Je n’ai pas forcément développé plus que ça. Je pense juste que ça a été une prise de conscience sur mes points forts et mes faiblesses. Le staff a vu mes qualités et les choses sur lesquelles je dois bosser. Ils m’ont encouragé et montré qu’il fallait que je base mon jeu sur certains aspects de mes qualités. Et ensuite continuer à bosser sur ce que je dois bosser car rien n’est parfait.
Qu’est-ce que cette expérience à l’étranger t’a appris sur toi-même, en termes de mentalité et de résilience ?

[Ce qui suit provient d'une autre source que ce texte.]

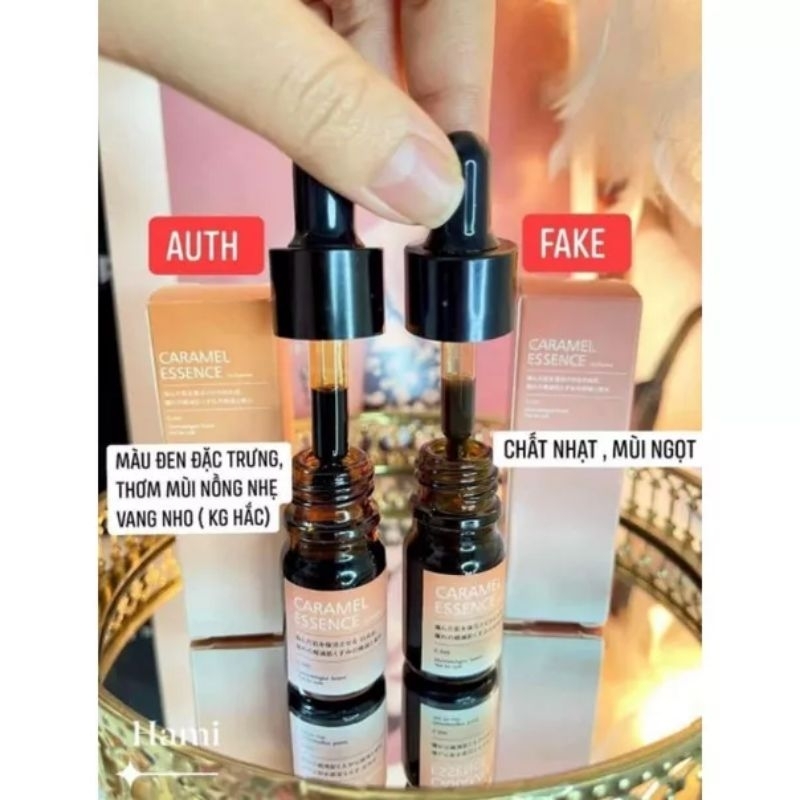 Serum caramel essence nhật bản giảm mụn mờ thâm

Honnêtement, je sens la différence depuis trois ans. Quand tu pars tout seul, tu te challenges car tu es loin de tes amis, de ta famille. Il est donc nécessaire de trouver des sources de motivation. Après, j’y suis allé déterminé pour une raison qui m’est propre et qui était un rêve : jouer au rugby et je peux vous dire que je ne le regrette pas. Automatiquement, ça devient donc plus facile.
C’est vrai que c’est un challenge, mais je le recommande à tout le monde parce que tu gagnes en maturité, et ce, sur et en dehors du terrain. J’espère vraiment que ça va continuer d’aller dans ce sens. L’avenir nous le dira.
Avec le recul, que dirais-tu au jeune Mathieu qui s’apprêtait à quitter la France pour jouer en Angleterre ?
Je pense que je lui parlerai de mon expérience en lui disant que ça ne va pas être facile tous les jours car tu ne vas pas être à 100 % de ta forme mentale et physique. Mais ça va bien se passer. Il faut vivre ses rêves pour ne rien regretter. Ça va être une bonne expérience, une bonne opportunité. Mais surtout donnes tous les jours ton maximum quelque soit ce que tu peux donner.
Tu viens de rejoindre Huddersfield. Qu’est-ce qui t’a convaincu de signer ici ?
J’avais besoin d’un nouveau départ, d’un projet où je pourrais vraiment m’affirmer. À Huddersfield, j’ai tout de suite senti une envie de rebond, une énergie particulière après une saison compliquée. Même si le club sort d’une période difficile, je pense justement que c’est un moment intéressant pour s’impliquer, aider à reconstruire, et retrouver une dynamique positive.
Tu n’étais pas toujours titulaire dans ton ancien club. Ce nouveau défi, c’est aussi une manière de relancer ta carrière ?
Oui, clairement. J’avais un rôle un peu de doublure. Je jouais, mais sans forcément enchaîner. Ici, j’ai la possibilité de devenir un élément important du groupe, de prouver que je peux apporter sur la durée. C’est motivant, et c’est aussi pour ça que j’ai choisi ce projet.